Mahir looked at her steadily.

"I’ve read the Knight Collar Governance Charter from the original drafting period," Elara said. "Sections nine through seventeen specifically — the extraction protocol documentation, the consent frameworks, the oversight requirements." She paused. "The collars in their current configuration were never legally authorized under the Charter. The extraction function was added fourteen years ago under a discretionary amendment that bypassed the oversight committee.

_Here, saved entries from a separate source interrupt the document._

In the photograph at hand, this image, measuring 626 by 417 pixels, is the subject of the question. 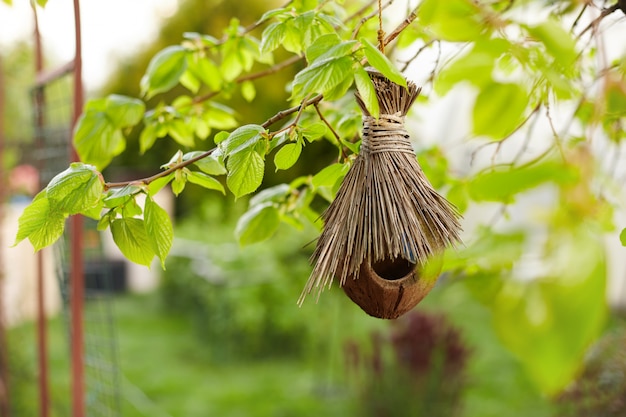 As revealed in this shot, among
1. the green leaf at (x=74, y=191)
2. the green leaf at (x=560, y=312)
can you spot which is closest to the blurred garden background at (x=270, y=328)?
the green leaf at (x=560, y=312)

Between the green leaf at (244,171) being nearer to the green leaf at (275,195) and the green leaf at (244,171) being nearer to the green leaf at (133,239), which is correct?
the green leaf at (133,239)

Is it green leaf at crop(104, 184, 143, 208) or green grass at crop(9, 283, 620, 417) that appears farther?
green grass at crop(9, 283, 620, 417)

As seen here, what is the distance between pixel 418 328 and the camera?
2.97 meters

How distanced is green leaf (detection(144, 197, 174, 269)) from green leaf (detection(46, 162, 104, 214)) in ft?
0.21

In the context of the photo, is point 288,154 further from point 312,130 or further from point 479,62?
point 479,62

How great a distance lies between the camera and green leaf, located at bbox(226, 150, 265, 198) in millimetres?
731

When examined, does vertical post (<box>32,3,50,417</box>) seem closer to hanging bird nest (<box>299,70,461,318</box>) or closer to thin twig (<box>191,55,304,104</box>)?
thin twig (<box>191,55,304,104</box>)

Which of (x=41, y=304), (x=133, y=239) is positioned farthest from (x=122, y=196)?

It was signed by the Empress Dowager’s office." Another pause. "It was never disclosed to the knights who wore them."

Mahir said nothing.

"That’s not a collar system," Elara said. "That’s a surveillance architecture designed to look like one." She looked at the document stack. "What you and every knight in this palace has been wearing — what you’ve been serving under — was constructed without your knowledge to function in a way you never agreed to."

Still nothing from Mahir. But something had shifted in his stillness.

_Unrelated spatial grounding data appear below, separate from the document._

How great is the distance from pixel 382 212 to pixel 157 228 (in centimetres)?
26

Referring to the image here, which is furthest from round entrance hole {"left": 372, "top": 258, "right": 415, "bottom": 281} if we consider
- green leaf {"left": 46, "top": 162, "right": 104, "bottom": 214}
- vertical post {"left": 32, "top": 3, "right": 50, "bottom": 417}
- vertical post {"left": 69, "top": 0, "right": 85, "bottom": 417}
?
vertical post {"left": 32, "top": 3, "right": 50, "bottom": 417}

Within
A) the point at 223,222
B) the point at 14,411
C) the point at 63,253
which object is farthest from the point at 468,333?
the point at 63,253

"I can’t undo fourteen years," Elara said. "I can’t give back what was taken without consent. But I can end it, establish an independent audit of what was extracted and when, ensure the information is destroyed with documentation of destruction, and rebuild the collar framework from the original Charter specifications — which do not include extraction." She paused. "That’s what the review means. Not a technical adjustment. A full replacement with proper legal authorization and full disclosure to every knight involved."

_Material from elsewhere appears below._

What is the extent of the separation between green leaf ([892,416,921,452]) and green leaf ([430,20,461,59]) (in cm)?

Mahir looked at her for a long moment.

"You found this six days ago," he said. "When you found the amendment for the ninth prince."

"Four days ago," she said. "The connection between the amendment timeline and the collar extraction records."

"You’ve been carrying it for four days," he said.

"I needed to verify it before I said anything," she said. "Saying it without verification would have caused harm without offering resolution. That’s inefficient."

"Princess Elara," he said.

She looked at him.

He almost never used her name. Not without the title. She had noted it the first time he’d done it, and noted the circumstances — always when something had moved through him that was too large for formality to contain properly.

"I’m sorry," she said.

The words came out slightly more direct than she’d planned. She’d had a more structured version prepared — an acknowledgment of harm, a statement of systemic responsibility, a clear separation between personal culpability and institutional failure. Clinical. Complete.

Instead she’d said ’I’m sorry.’

Two words. Just that.

Mahir looked at her with an expression she didn’t have a complete category for. Something that had several things in it at once — acknowledgment and something older than that, something that had been living in a specific place for a long time and had just been seen for the first time.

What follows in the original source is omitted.